I explore the emotional and existential experience of repetition in our daily tasks and in the mediated ways we participate in culture, from television watching to gaming to flipping through magazines. Working in a combination of digital and handmade media, I use the conceptual strategies of accumulation, collection, appropriation and remix to reveal the capacity of these tasks/pleasures to be either monotonous, frenzied or meditative.
I can't ever really know if such a thing as human nature exists, but I find meaning in the proposition that the search for meaning is our primary drive. It's the articulation of a world view that gives me the faith to keep going when I experience the void.

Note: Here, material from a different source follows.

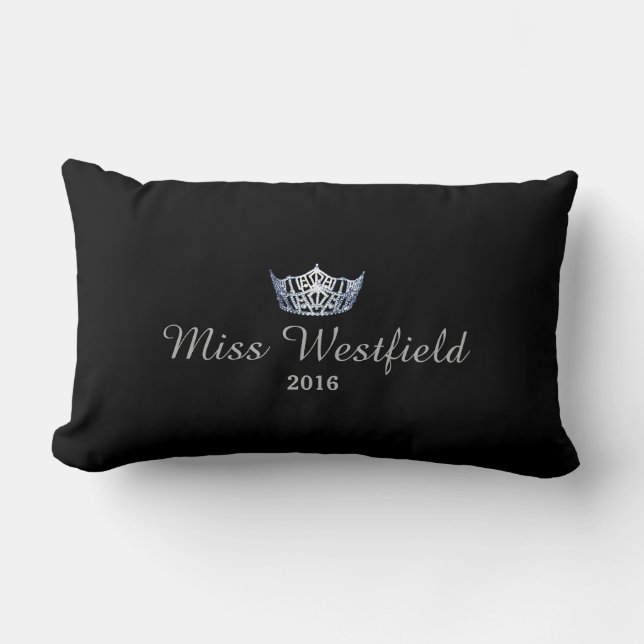 Miss America style Personalised Name Crown Pillow (Front)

So I look to the shared places in our culture for evidence of this, and I see it all around us, especially in the grossness of our consumer culture. But every place that something manufactured exists, there also exists authenticity. The idiosyncratic way we pick and choose from the overwhelming mass of products and images reveals the authenticity of our cultural experiences. Whether looking at art in a gallery or watching the season finale of a favorite show, we are cultural participants. We are producers, as well as consumers, champions as well as critics.
Our participation in mass-media culture reveals the holes we have inside. And as much as it can contribute to those holes, it also contributes to filling them in a satisfying way. Culture, in general, whether high or low, can be seen as both the cause and the antidote to our existential emptiness. Facing that paradox, rather than turning away, is a spiritual act.